Like many Japanese, Sato grew up with Godzilla. Nearly a rite of national passage, there would always be the tale of the monster, born of the horrors of the nuclear age, wreaking havoc on his defenseless victim, Japan. The first one came out in 1954, and yet another one, the 21st, is due out next month. It is not a far-fetched conceit to see them as giving a story line to postwar Japan. Over the years, the skyline in the movies changed from squat and war-scarred to glimmering high-tech, and the plots loosely followed the vagaries of the Cold War. But the basic ingredients, including the 165-foot-high Godzilla, a mutant, overgrown reptile spewing flames of radiated heat, stayed the same.

After Sato went abroad and began to write, he started thinking of these movies less as a story line than as a mirror of something deeper--Japan's postwar myth. It goes like this: Thanks to Uncle Sam, Japan was reborn as a peace-loving country. Accepting its role as victim in the larger world, Japan abhorred power and, as a result, politics. It was to be a place where consensus reigned and everyone could get rich. Most important, it was to be a sheltered place where people didn't have to concern themselves with the big, bad world beyond their shores.

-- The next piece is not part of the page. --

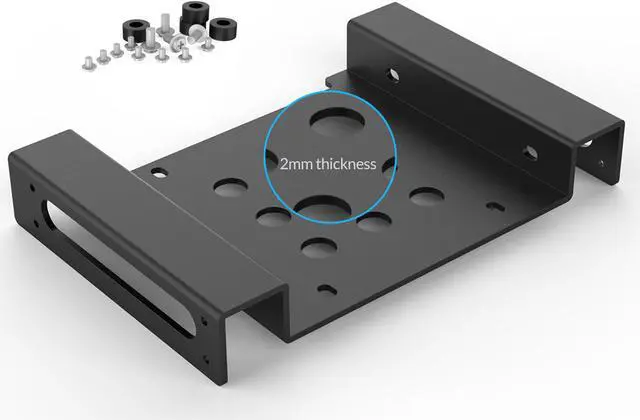 Main image of ORICO Aluminum 2.5 " & 3.5 " SATA or IDE HDD or SSD to 5.25 Bracket 2.5 to 5.25 or 3.5 to 5.25 Hard Drive Bay Converter Mounting Bracket Adapter -Black (AC52535-1S-V1)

Sato calls it the fantasy of postwar democracy, and the point of his Godzilla tour was to tell me that the fantasy is falling apart. "If Japan was still a two-bit country, no one would care if we wallowed in our fantasies. But we've become rich and strong and the rest of the world is asking us to get involved, do our part, and we don't have an answer," he said. "Japan's become like a Godzilla movie. Just look at Japanese politics. We all know the plot is outdated and ridiculous, but who will write a new one?"

The Japanese are indeed looking for a new plot. Their political system collapsed last year, bringing to an end 38 years of one-party rule by the Liberal Democratic Party and the orthodoxies of postwar Japan. To be in Japan during the past year has been to witness the flowering of a great debate over what's next for the country. Sato calls it a grand identity crisis, and he's right.

It's not as if the identity issue hasn't been addressed before. Intellectuals in Japan have agonized over whether the price of modernization has been the loss of Japan's soul, whether Japan is part of the West or part of Asia, and over what it means to be a pacifist nation. But the debate has had a make-believe quality, like a Godzilla movie, because it has been divorced from the world of politics.

Now with the crumbling of the political set-up, it seems an unmistakable sign that a chapter has closed, that the national narrative needs to be overhauled. Japan is rich now and is no longer frantically trying to catch up with the West. For the first time, the Japanese are asking questions about what's next from a position of strength.

Sato and three others--a politician, a diplomat and an artist--give voice to the central and often contradictory themes of the debate. Tadatoshi Akiba, the politician, insists that pacifism, so ingrained in how postwar Japanese see themselves, must be retained. Sato seeks identity by reinventing a tradition that he feels has been lost since the war. The diplomat, Kazuo Ogura, turns to Asia as an inspiration and wants Japan to stop imitating the West. And the artist, Yukinori Yanagi, believes that identity can only be defined by individuals, freed from preordained ways of thinking.